*** Opening of SOURCE MATERIAL ***

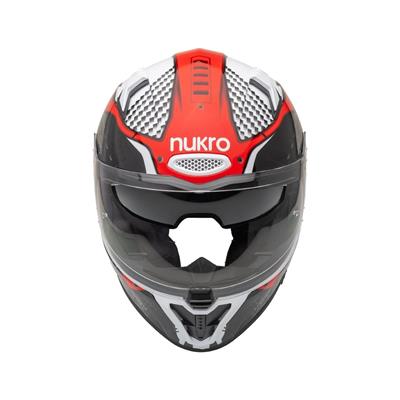 Nukro B-506 Level White-Red Kapalı Kask 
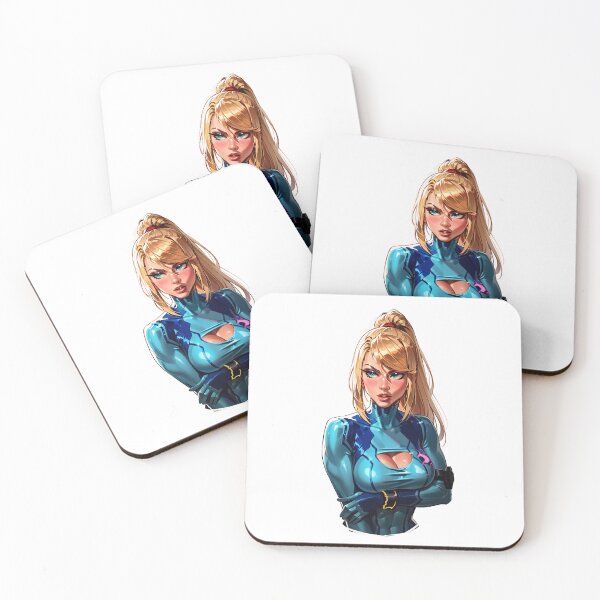 Artikelvorschau, Samus Aran im blauen Anzug schaut sich um entworfen und verkauft von MadeByHaresShop.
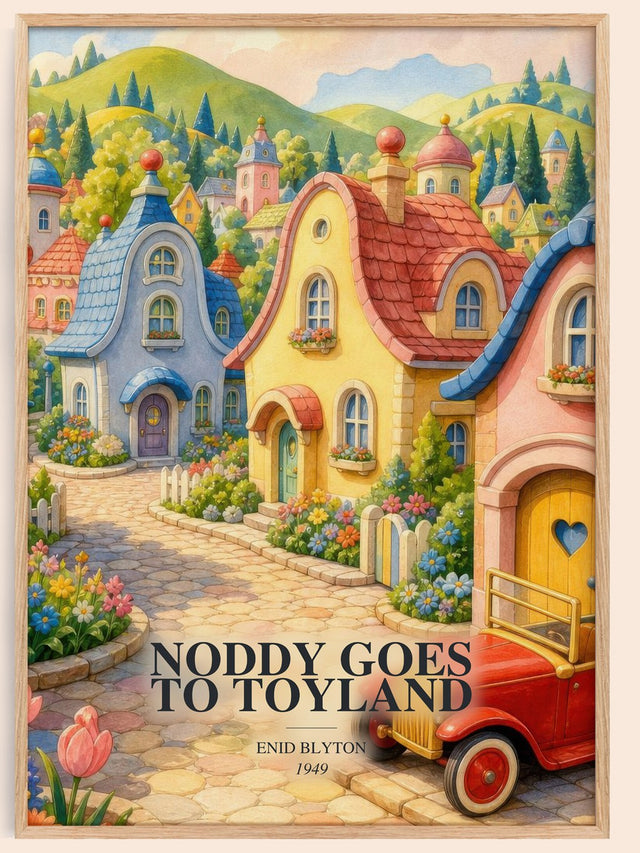 Noddy Goes To Toyland Book Watercolour Illustration by Enid Blyton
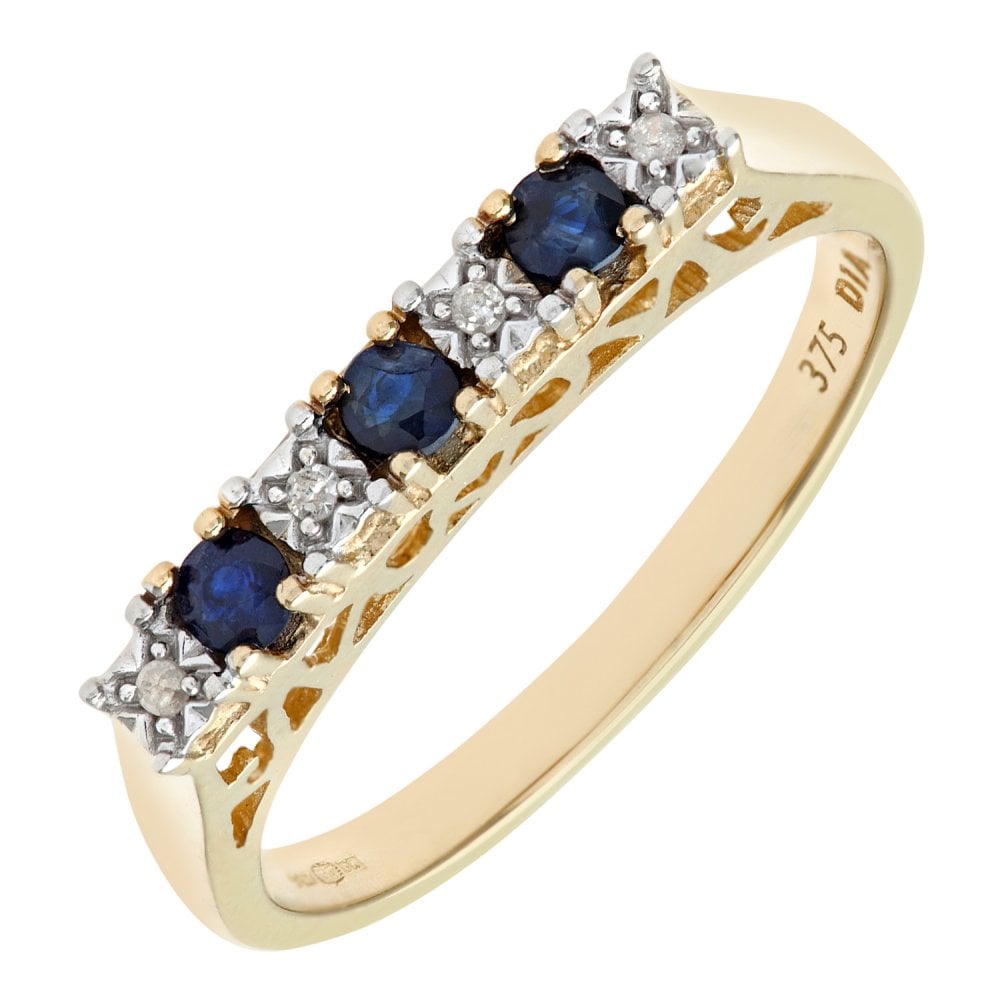 SPARKLD 9ct Yellow Gold Sapphire & 0.02ct Diamond Eternity Ring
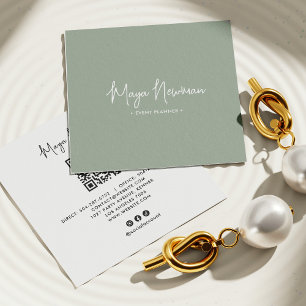 SOFT SAGE GREEN Modern CHIC Minimal QR Code Square Business Card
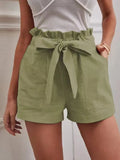 2025 Summer Women's Loose Flax Leisure Shorts Pocket Solid Colored High-Rise Broad
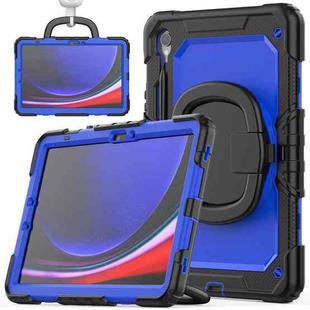 For Samsung Galaxy Tab S9 D Type Silicone Hybrid PC Tablet Case with Handle Holder(Blue PC)
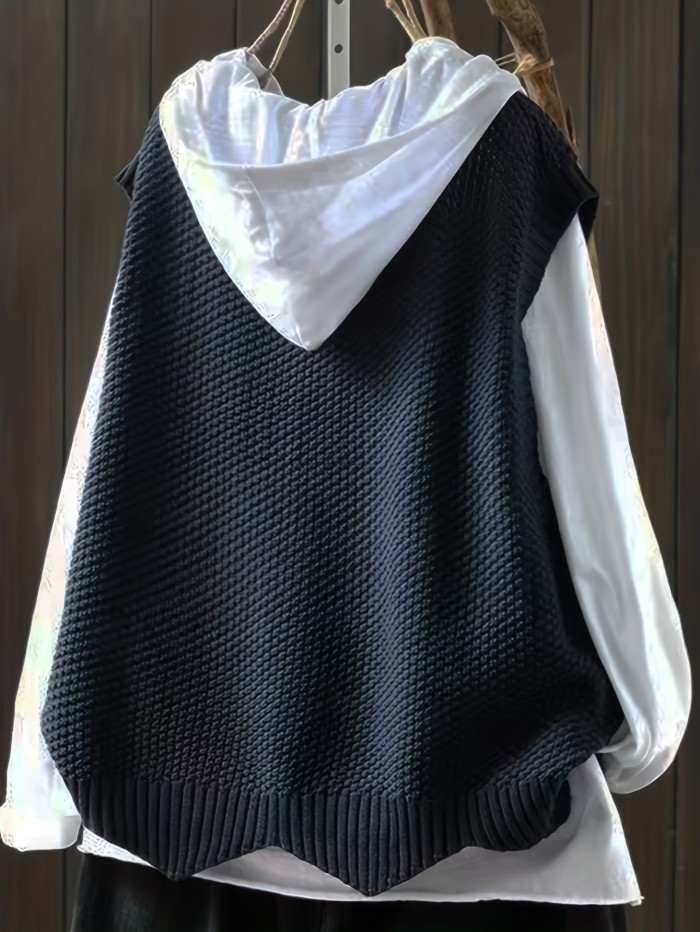 Solid Crew Neck Sweater Vest, Casual Sleeveless Vest For Spring & Fall, Women's Clothing
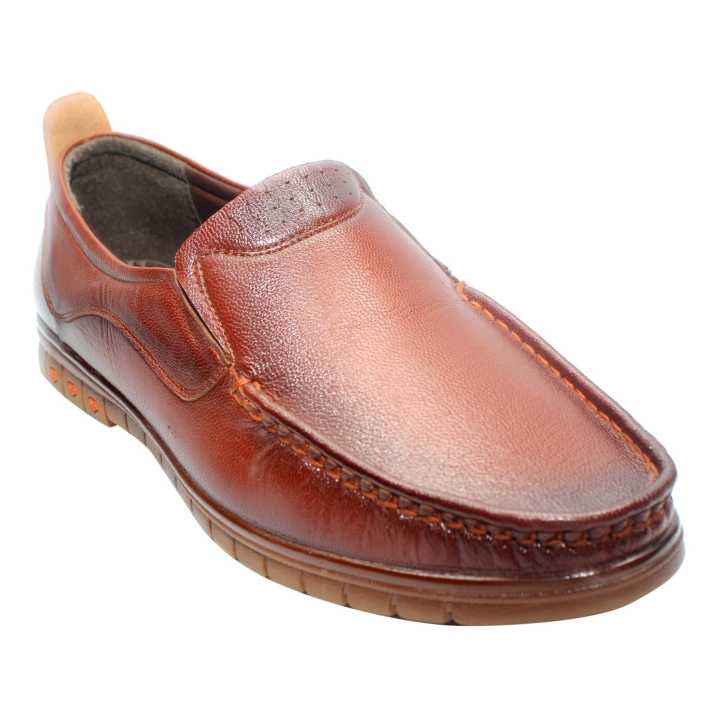 Brown None Lace Loafer  Formal Leather Shoes For Boys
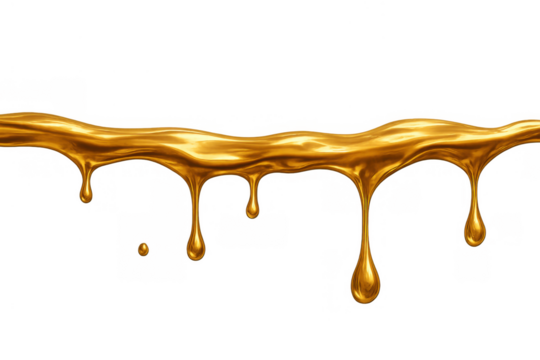 Flowing golden liquid with drips and splashes, creating a sweet or luxurious effect on transparent background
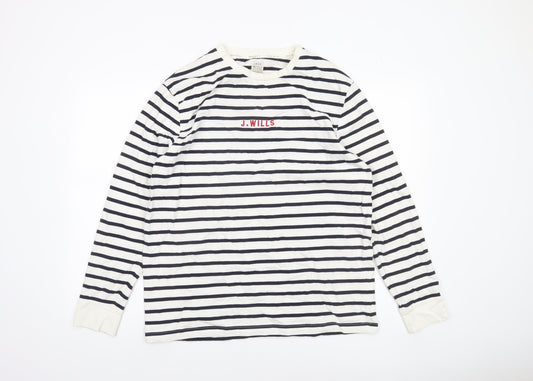 Jack Wills Men's White Navy Striped Long Sleeve Cotton Shirt XL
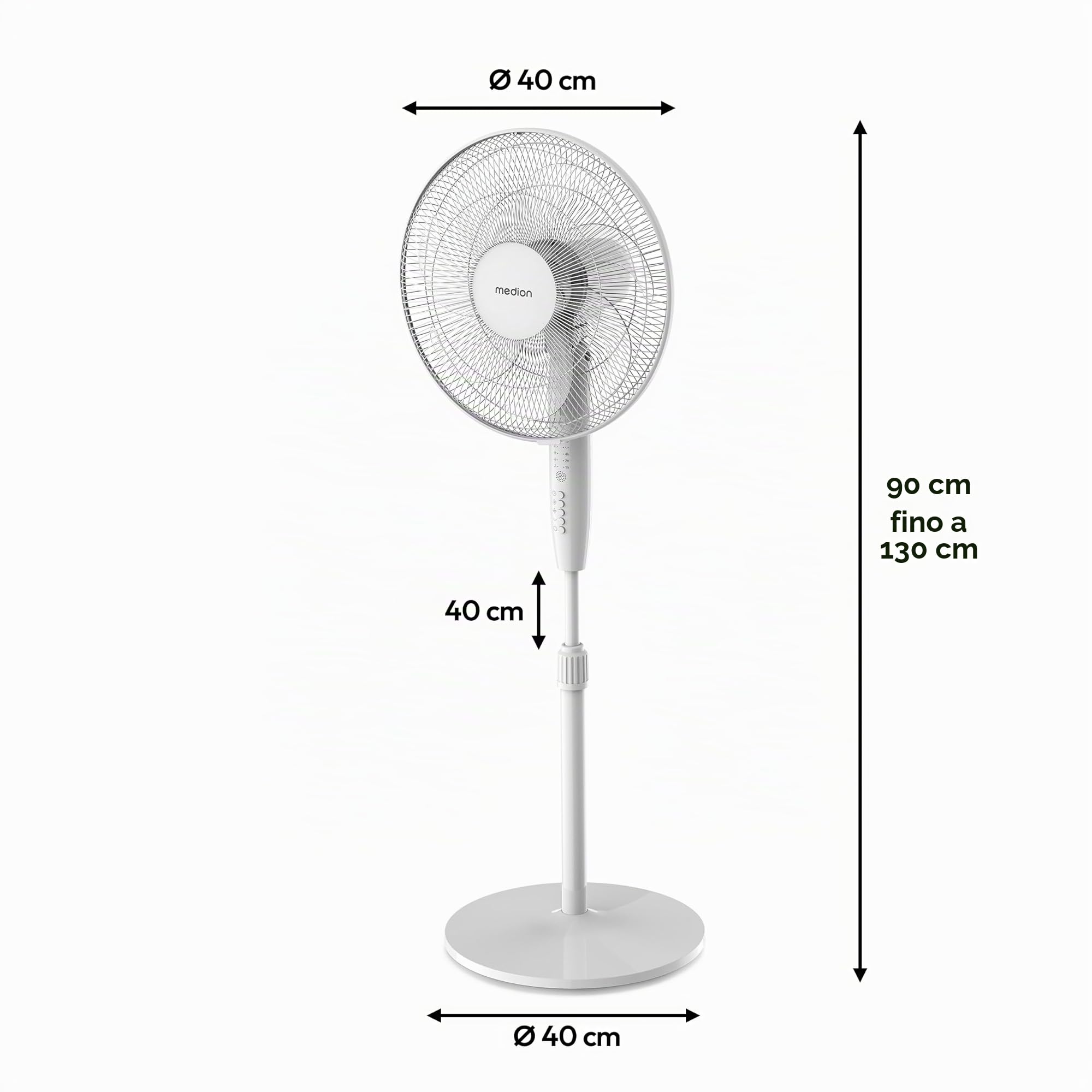 MEDION P21 SF ventilatore a piantana nero 130 cm telecomando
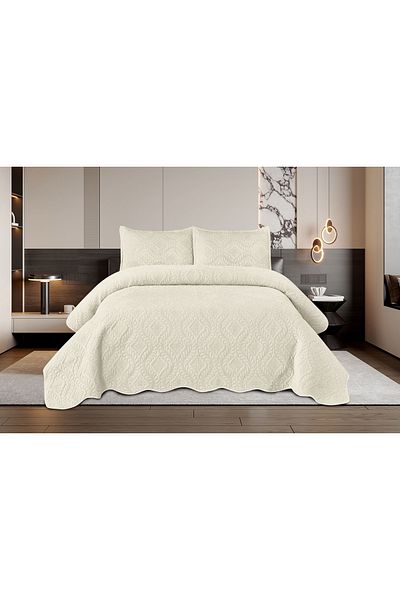 FIONNA.RO 3 Piece Velvet Duvet Cover Set - White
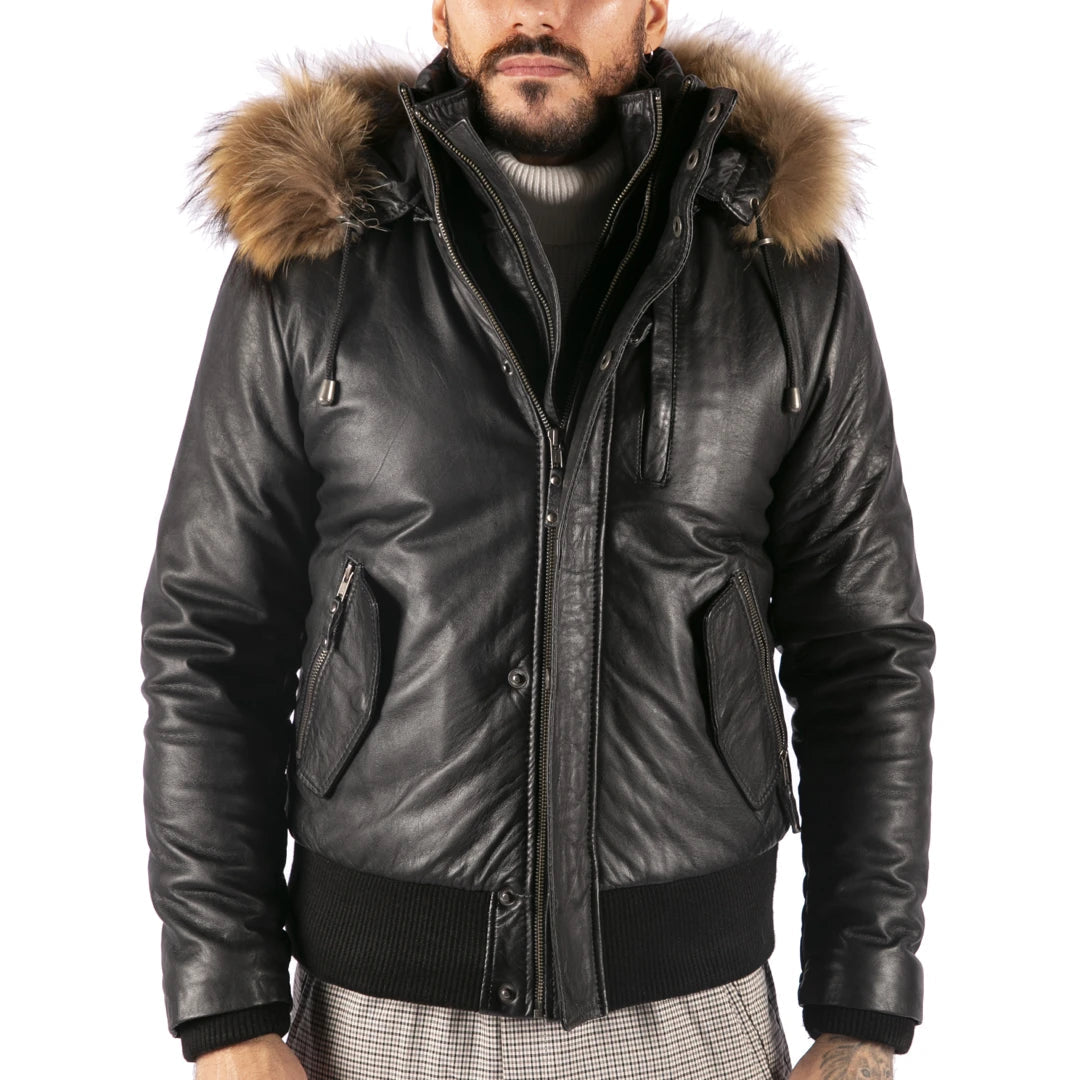 Men's Fur Hooded Bomber Puffer Leather Jacket | TruClothing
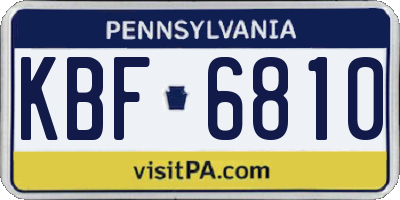 PA license plate KBF6810
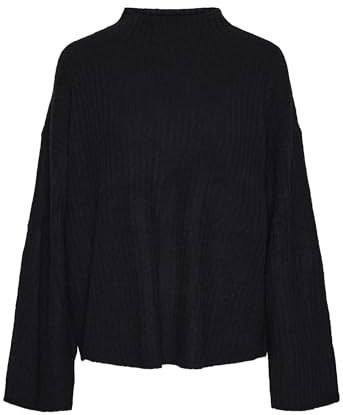 PIECES - Trui - Zwart - Geribbeld Gebreid - Losse Pasvorm - Lange Mouw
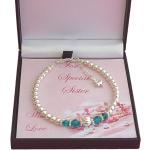 Bracelets de perles argentés à perles pour fille 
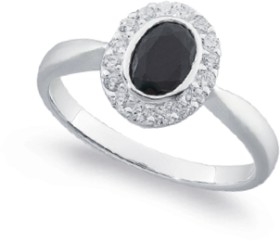 Sterling+Silver+Black+Cubic+Zirconia+Oval+Halo+Ring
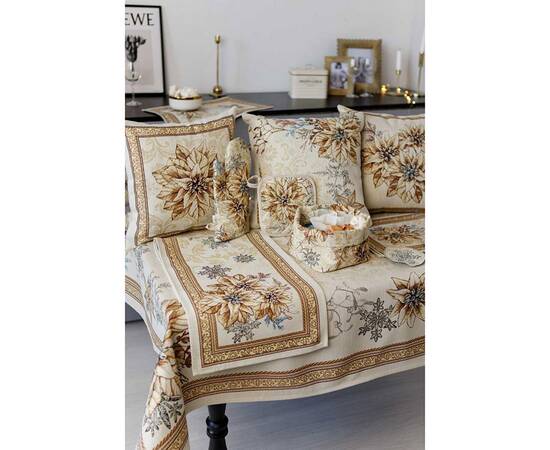 Подушка декоративная 45х45 гобеленовая Золоте свято Квітка Прованс (036968), Цвет: кремовый, Размер: 45x45, изображение 3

*** Close of SOURCE MATERIAL ***

**EXERCISE OBJECTIVE**
Nothing except the lines from the one containing "SPARKLD 9ct Yellow" through the one containing "Solid Crew Neck" should appear in the answer, exactly as above and without pictures.

**TASK OUTPUT**
 SPARKLD 9ct Yellow Gold Sapphire & 0.02ct Diamond Eternity Ring
 SOFT SAGE GREEN Modern CHIC Minimal QR Code Square Business Card
 2025 Summer Women's Loose Flax Leisure Shorts Pocket Solid Colored High-Rise Broad
 For Samsung Galaxy Tab S9 D Type Silicone Hybrid PC Tablet Case with Handle Holder(Blue PC)
 Solid Crew Neck Sweater Vest, Casual Sleeveless Vest For Spring & Fall, Women's Clothing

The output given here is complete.